#### [ACTION ITEM]
Find "una casa blanca" in the data below; transcribe the line it appears on and each line after it, exactly, to the end, and nothing else.

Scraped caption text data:
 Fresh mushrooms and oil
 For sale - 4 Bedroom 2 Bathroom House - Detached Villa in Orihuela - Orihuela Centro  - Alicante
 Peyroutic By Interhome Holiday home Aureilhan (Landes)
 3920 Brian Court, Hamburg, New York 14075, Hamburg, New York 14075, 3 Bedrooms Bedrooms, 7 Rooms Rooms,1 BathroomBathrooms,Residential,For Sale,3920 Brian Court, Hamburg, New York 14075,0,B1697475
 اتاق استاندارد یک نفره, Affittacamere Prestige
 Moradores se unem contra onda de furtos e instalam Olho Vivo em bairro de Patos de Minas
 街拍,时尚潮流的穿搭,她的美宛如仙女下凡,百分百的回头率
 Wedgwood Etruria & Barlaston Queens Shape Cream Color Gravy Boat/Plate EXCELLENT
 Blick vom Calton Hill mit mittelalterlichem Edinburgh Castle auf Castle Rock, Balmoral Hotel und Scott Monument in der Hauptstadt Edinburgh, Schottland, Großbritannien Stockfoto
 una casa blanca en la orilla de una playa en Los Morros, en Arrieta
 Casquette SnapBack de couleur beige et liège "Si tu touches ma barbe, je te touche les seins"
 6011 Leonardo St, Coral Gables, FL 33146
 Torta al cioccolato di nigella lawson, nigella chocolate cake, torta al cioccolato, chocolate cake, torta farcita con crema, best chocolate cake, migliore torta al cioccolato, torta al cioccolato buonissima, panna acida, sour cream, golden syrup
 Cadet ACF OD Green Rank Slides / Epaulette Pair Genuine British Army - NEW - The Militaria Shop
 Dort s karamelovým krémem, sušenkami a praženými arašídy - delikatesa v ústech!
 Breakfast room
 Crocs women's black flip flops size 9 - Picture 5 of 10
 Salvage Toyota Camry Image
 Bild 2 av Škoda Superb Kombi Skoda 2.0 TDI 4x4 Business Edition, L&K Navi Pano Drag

#### [TASK RESULT]
 una casa blanca en la orilla de una playa en Los Morros, en Arrieta
 Casquette SnapBack de couleur beige et liège "Si tu touches ma barbe, je te touche les seins"
 6011 Leonardo St, Coral Gables, FL 33146
 Torta al cioccolato di nigella lawson, nigella chocolate cake, torta al cioccolato, chocolate cake, torta farcita con crema, best chocolate cake, migliore torta al cioccolato, torta al cioccolato buonissima, panna acida, sour cream, golden syrup
 Cadet ACF OD Green Rank Slides / Epaulette Pair Genuine British Army - NEW - The Militaria Shop
 Dort s karamelovým krémem, sušenkami a praženými arašídy - delikatesa v ústech!
 Breakfast room
 Crocs women's black flip flops size 9 - Picture 5 of 10
 Salvage Toyota Camry Image
 Bild 2 av Škoda Superb Kombi Skoda 2.0 TDI 4x4 Business Edition, L&K Navi Pano Drag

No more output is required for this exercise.